Most of us rely heavily on sight to inspect inside the hive. We strain our eyes to see eggs on glaringly bright days or play “Where’s Waldo” with the queen. But observing what is happening outside of the hive can also inform your management. Look for change in activity throughout the season and with shifts in weather.

Can you recognize a colony on a nectar flow prior to opening the hive? Before you get to the hives, do you see bees flying in organized, yet crowded and frenzied masses back and forth in the air? A colony taking advantage of the copious carbohydrates of a nectar flow indicates that you’d best add some supers.

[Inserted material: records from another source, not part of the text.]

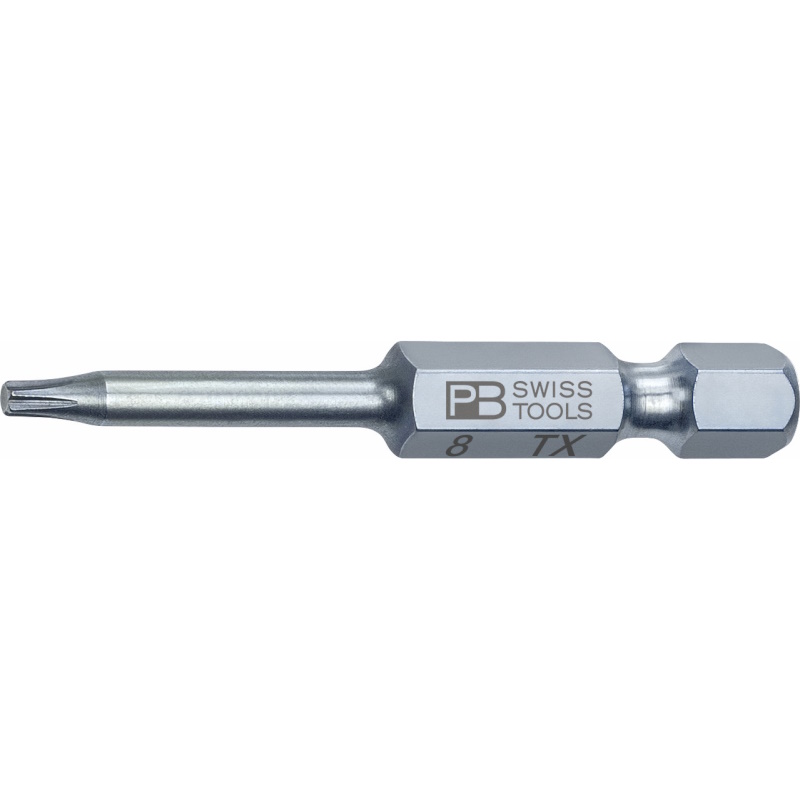 PB Swiss Tools E6.400/8 PrecisionBit fr Torx Schrauben, 50 mm, Gre T8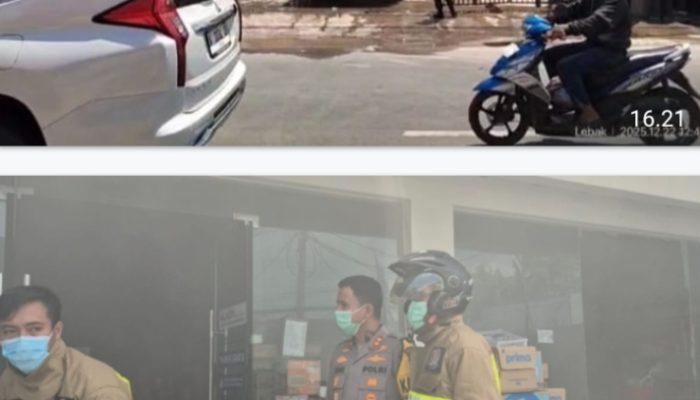 Respon Cepat, Kapolres Lebak Tinjau Langsung Penanganan Kebakaran Almond Super Rangkasbitung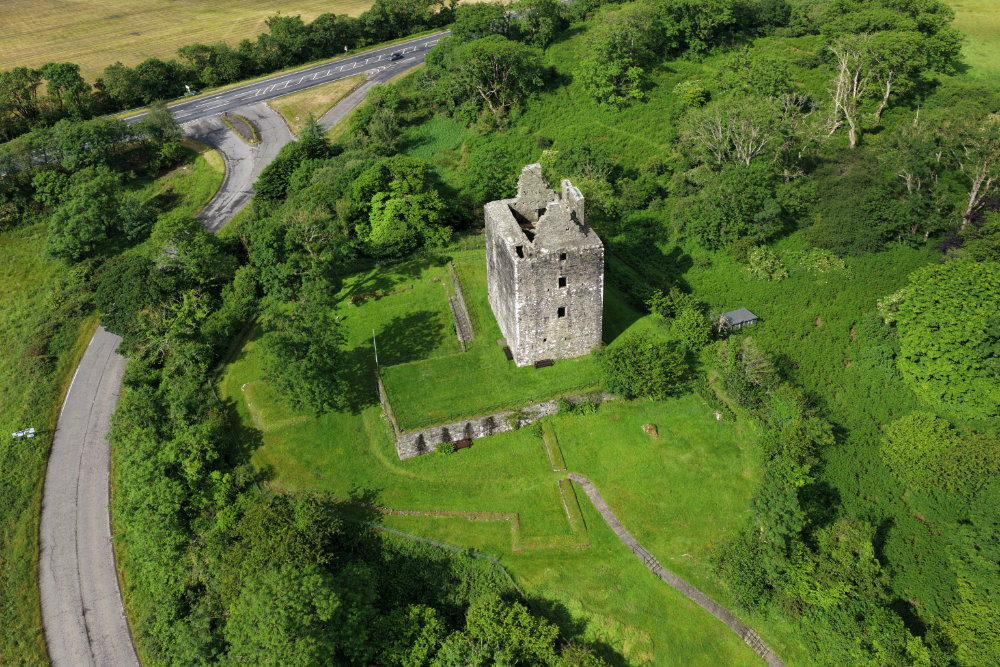 Cardoness Castle, by Gatehouse of Fleet, Dumfries and Galloway, licensable aerial photograph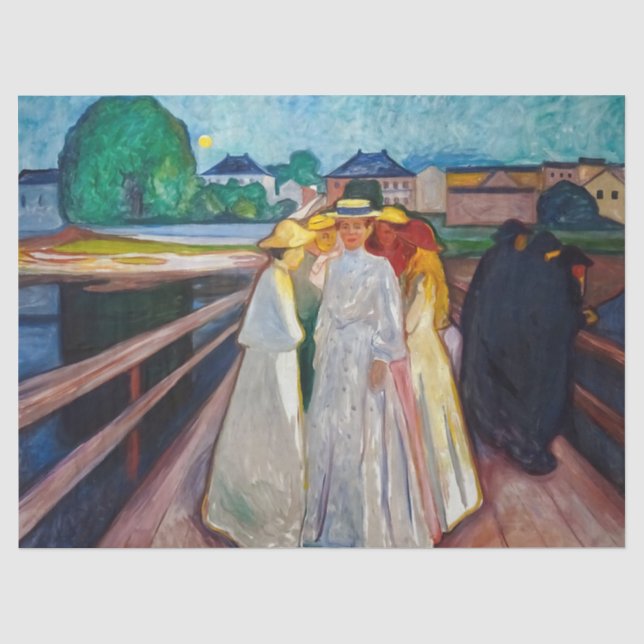 Edvard Munch - The Girls on the Bridge 1903 Seidenpapier (Vorderseite)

Do you see afternoon bees flying in arcs facing the colony? They are taking their orientation flights. Also check the entrance for stationary bees with their abdomens in the air. Are the abdomens crooked or pointed straight out? Bees with crooked abdomens are using a pheromone called “Nasonov” to direct their nest mates to the entrance of their hive. Orientation flights are paired with Nasonov releasing entrance bees.

This is a colony with lots of propolis on the tops of the frames and box rim. The propolis is the sticky-looking brown-ish golden substance (can also be other shades of brown, yellow, red, green or white). Photo credit: Brooke Nikkila

Before you pull the first frame from the hive, watch how the bees behave. Calm, adult bees wander around on the frames. Agitated bees may run, fly or get into the “heads up or butts up positions.” Heads up bees line up between the frames in a defensive posture. A straight, pointed up abdomen is also a sign of defensiveness, especially when stingers are out. Pay attention to how your movements change a colony’s demeanor.

Beekeepers in the blind community are an inspiration for strengthening our other senses, particularly our ears (https://www.beesfordevelopment.org/story/jennifer-oloya/). A honey bee apiary can literally be abuzz with foragers flying back and forth from the hives. You can see and hear them when approaching the yard. Inside a honey bee colony, you may find the pleasant hum of a contented colony, or the roar of a “hopelessly” queenless colony (no eggs or larvae, no prospects of making a new queen). Pay attention to the pitch and tone of your vibrating bees. Worker piping is another sound that a beekeeper can learn to identify. We like Dr. Tom Seeley’s description of piping worker bees rallying the swarm for take off. He tells us that if we listen to the swarm on a tree, eventually we will hear the audible piping of workers signaling to their sisters that it is time to take off to their new nest site (Seeley & Tautz, 2001). We prefer to trust his words and put the swarm in a box as soon as possible!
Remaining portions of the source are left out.